Upon its release in 1993, Steven Spielberg’s Jurassic Park became what was then the highest grossing film of all time, earning over $900 million at the box office. Its realistic portrayal of dinosaurs through state-of-the-art special effects created such a sensation among the filmgoing public that, when a contest was held to name the new basketball team for the city of Toronto in 1993, fans ultimately chose the name “Raptors” (“T-Rex” was also on the list).
John Williams’ music for the film has become one of his most popular scores, and with good reason. Who could forget its two most prominent themes: the proud trumpet fanfare in “Journey to the Island”, and the more contemplative “Theme from Jurassic Park”. In this post, my film music analysis will take a close look at the construction of the latter theme.

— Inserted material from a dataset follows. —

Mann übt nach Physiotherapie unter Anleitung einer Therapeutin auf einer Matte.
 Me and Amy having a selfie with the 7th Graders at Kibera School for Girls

In the film, we first hear the “Theme from Jurassic Park” when Drs. Grant (Sam Neill), Sattler (Laura Dern), and Malcolm (Jeff Goldblum) first set eyes on one of the park’s dinosaurs, a brachiosaur feasting on leaves from the treetops. They stare in amazement at the creature, unable to comprehend how such a thing is even possible. And of course at the time of the film’s release, the special effects broke new cinematic ground, so in that way it was easy for audiences to share in the characters’ emotions. But the music also played a large part in eliciting these emotions from the viewer. As he does so often, Williams manages to find the right music to fit this scene. But how exactly? What techniques does he use to give us the sense of awe and wonder that we feel with this scene? Here is the theme in concert version (the portion used in the film begins at 0:47):
The melody to this theme is based largely on a simple three-note motive: starting on Bb, it moves down to the next closest note, A, then returns up to Bb again (beneath the brackets below):
Although this motive (what is called a neighbor note figure) includes motion from one note to another, the fact that it returns to its starting point creates the feeling that we haven’t really moved at all, especially when it is used in a quick rhythm as it is here. Not only that, but the note that the motive revolves around (Bb) is the key note, or tonic, of the scale the piece is based on. Because the tonic note is usually the end goal of a melody, it is generally a point of rest. Thus, starting with the tonic creates a soothing feeling of calm in the theme. And the repeated use of the neighbor note figure keeps us bound to this tonic, as though we are in a trance with our ears fixed to a single soothing note, just as each character’s (and our own) gaze is fixed in amazement at seeing a living, breathing dinosaur.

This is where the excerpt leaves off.